Which is why a random day after my 61st birthday (the one you forgot to read about), I chose a different path. Over the years since May 2018 camping at Kapa’a I have been many times. And exploring on foot the environs there—still curious and baffled. But this one day recently (birthday being February 2, remember?) I stopped the vehicle I drive a mile or so before the official campground. An entrance was there onto the land and I hadn’t lost hope.
Perhaps another angle—a new path—was my guess into the mystery why a common campground was vibrating so. On this journey today I am no longer solo because I am having a dog, my trusty sidekick Bell, and we two departed the car to begin a hike. What I couldn’t see was the campground yet I knew she was somewhere over there in proximity. I’ll find the ancients from further along the ocean coastline was an eccentric tack I took and kept walking.
Alongside the ocean we hiked onto land that is a whirl of smells: old kiawe forest trees float whisps of leaf and bark and residual rain scents from baking in high heat sun; ankle-level drying shrub on reddish brown earth evokes dusty earth, richly aromatic and wary from all the direct Hawai’i sun; and salty air from the ocean so close mists everything. Taking a sharp turn to hike directly towards the ocean, we still had a quarter mile or so to cover before arrival. Bell kept pausing and checking in: is this where the ancients are? I had been talking aloud continually with her that soon our discovery might or possibly or perhaps or maybe could happen. My dog Bell is and continues to be a believer in sauntering walks, having earned her faithful trust over the last two years. She knows my talking aloud is a kind of chanting with nature.
What a sight to see right next to the ocean two distinct relics where ancients had been living at one time. A few gentle prayers I brought to the experience, asking if a friendly visit was opportune for this moment and instantly the kiawe tree limbs moved from side to side. Given an affirmative, I stepped into an ancient dwelling, closed my eyes, and said thanks. Dwelling with history brings on the quiet energy to realize how abundant a life-in-time had once been. Evidence was everywhere.

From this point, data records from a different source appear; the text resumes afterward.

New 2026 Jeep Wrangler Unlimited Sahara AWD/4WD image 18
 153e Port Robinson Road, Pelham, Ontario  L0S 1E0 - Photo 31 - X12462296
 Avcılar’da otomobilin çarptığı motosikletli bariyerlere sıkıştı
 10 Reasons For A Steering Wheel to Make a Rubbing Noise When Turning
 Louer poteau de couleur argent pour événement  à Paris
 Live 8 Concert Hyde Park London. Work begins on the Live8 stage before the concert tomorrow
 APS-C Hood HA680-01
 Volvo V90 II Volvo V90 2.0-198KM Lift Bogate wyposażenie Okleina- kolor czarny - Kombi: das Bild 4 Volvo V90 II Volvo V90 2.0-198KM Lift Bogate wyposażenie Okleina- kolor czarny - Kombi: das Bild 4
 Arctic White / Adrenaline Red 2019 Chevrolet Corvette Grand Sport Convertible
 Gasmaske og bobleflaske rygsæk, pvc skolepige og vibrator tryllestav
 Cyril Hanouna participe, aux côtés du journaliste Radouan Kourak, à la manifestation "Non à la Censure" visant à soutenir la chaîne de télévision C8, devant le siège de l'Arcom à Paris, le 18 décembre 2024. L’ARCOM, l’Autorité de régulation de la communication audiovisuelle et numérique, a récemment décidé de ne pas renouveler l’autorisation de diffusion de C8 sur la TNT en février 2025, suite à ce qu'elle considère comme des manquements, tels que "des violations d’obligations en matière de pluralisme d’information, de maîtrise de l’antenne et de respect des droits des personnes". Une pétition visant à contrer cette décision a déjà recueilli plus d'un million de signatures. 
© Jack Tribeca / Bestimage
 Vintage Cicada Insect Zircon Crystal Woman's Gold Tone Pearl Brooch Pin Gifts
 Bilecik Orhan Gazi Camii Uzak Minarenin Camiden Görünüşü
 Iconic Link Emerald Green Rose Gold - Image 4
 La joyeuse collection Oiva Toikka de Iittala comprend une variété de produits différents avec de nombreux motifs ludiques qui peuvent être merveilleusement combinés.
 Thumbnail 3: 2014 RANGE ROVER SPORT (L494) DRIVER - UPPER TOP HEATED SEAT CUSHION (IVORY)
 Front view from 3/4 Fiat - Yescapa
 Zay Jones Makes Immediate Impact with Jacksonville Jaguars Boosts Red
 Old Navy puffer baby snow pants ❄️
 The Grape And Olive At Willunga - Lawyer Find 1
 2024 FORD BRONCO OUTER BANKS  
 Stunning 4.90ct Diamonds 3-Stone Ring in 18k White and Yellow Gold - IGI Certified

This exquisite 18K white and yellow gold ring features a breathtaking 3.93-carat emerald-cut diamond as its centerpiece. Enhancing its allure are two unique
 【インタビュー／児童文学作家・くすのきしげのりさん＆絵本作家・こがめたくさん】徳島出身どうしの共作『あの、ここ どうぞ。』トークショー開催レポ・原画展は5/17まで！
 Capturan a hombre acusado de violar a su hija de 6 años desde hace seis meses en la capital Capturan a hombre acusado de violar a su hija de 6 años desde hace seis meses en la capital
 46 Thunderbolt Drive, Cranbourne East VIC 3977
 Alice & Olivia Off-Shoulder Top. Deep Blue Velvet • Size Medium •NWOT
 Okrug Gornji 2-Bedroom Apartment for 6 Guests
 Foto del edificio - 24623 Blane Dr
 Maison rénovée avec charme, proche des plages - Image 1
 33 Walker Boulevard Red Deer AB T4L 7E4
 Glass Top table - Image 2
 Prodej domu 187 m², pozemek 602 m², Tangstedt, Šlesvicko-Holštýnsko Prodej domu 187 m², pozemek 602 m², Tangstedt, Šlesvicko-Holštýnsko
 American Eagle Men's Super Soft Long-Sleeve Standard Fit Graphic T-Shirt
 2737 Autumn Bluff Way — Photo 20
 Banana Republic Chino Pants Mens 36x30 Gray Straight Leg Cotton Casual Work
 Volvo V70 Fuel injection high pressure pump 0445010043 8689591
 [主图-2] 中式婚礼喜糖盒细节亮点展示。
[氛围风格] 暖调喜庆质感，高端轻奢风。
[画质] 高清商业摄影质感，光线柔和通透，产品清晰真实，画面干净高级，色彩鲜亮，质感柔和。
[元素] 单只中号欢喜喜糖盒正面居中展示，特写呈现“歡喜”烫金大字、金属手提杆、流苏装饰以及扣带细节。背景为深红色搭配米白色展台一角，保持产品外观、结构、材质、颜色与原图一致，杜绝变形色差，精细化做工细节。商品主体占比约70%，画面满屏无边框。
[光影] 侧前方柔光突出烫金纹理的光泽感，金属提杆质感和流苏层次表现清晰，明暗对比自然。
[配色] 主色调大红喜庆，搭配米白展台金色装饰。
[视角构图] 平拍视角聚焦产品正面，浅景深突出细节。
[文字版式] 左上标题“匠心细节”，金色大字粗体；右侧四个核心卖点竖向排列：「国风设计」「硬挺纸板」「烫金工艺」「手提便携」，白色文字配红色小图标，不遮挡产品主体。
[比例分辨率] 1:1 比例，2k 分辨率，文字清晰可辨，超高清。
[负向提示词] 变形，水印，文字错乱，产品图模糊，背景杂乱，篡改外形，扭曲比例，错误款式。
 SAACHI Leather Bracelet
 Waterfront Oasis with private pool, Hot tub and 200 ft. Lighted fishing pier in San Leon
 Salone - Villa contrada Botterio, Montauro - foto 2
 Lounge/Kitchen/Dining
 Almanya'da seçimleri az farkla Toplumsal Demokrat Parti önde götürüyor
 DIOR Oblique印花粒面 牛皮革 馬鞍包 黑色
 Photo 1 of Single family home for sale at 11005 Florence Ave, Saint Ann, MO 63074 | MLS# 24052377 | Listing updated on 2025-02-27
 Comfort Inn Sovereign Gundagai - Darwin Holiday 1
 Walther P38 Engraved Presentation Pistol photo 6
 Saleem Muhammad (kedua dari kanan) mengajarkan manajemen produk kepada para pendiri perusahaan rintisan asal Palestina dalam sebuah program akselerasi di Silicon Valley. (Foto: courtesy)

And when I walked forty or fifty feet further to the ocean waters, I looked around the coastline corner. My joyful surprise was to see so close and so clear Kapa’a campground. Now I knew why the place vibes so strongly with ancients because their residences are simply such a short distance away, energetically resonating just not visibly seen. Moments like these are heartfelt reminders that in my one brief life, I am on the right path. Whenever I go, what I plan to leave are light footprints to spiritual places that gift so much wisdom and gratitude.
Intrepid dog Bell and her writer colleague begin a walk.
After a few minutes walking a gentle slope, the ocean ancients are near.
Native Hawaiians worked expertly with rocks to build living spaces.
Surrounding trees gave shade for interior dwellings, indigenous peoples working with nature’s gifts.
Kapa’a campground can be seen from the ancient dwelling.
Ancient dwelling resides several hundred feet close, meaning ancients often chose life locations based on canoes: having ocean access during high tide.